General Electric’s transportation division plans to move as many as 225 locomotive production jobs to its Fort Worth manufacturing facility from its century-old Erie, Pa., plant, the company announced to employees Thursday.

The transition would begin next year between April and June and would involve a recall of Fort Worth employees laid off earlier this year. It would also eliminate locomotive production at the Erie plant, which employs more than 2,500 people, by the end of 2018. About 575 jobs in Erie would be affected.

The move was necessary to drive efficiency and preserve U.S. jobs, said Richard Simpson, GE Transportation’s vice president of global supply chain.
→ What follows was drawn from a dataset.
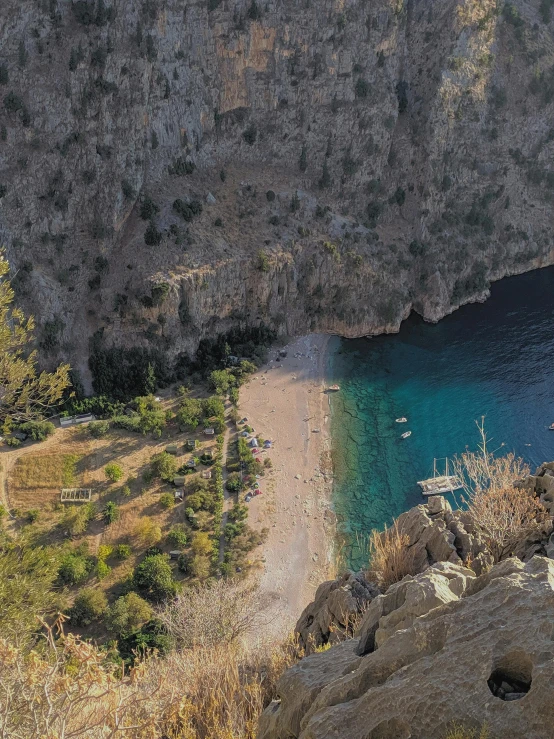 a rocky beach is shown with boats in the water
North American freight locomotive volume has dropped by about 10 percent, and locomotive orders for all manufacturers in the United States have declined, GE spokesman Tim Bader said in an email. That downturn, which Simpson called significant, has increased pressure in the international market.

“Our Fort Worth facility is very competitive, and as a result, this allows us to compete in a very tough space,” Simpson said.
The Fort Worth manufacturing facility, located west of Texas Motor Speedway, opened in December 2012 and began producing locomotives in 2013, Simpson said. About 600 people work there.

In addition to the 225 recalled employees in Fort Worth, GE Transportation expects 200 jobs to be created at its U.S.-based suppliers, some of which are based in North Texas.

Simpson would not disclose the financial aspects of the move or discuss wages paid to locomotive production employees. GE Transportation, with headquarters in Chicago, accounted for $4.7 billion in revenue in 2016 and $1 billion in profit for the nation’s 13th largest company.

The union representing GE’s Erie employees has 10 days to request a bargaining period over the job loss, Bader said.

Erie would remain GE’s largest transportation location with about 2,000 hourly employees, Simpson said. It has operated there for more than a century. That location will continue to house prototype development as one of GE’s two main design hubs. The other is an engineering design facility in India.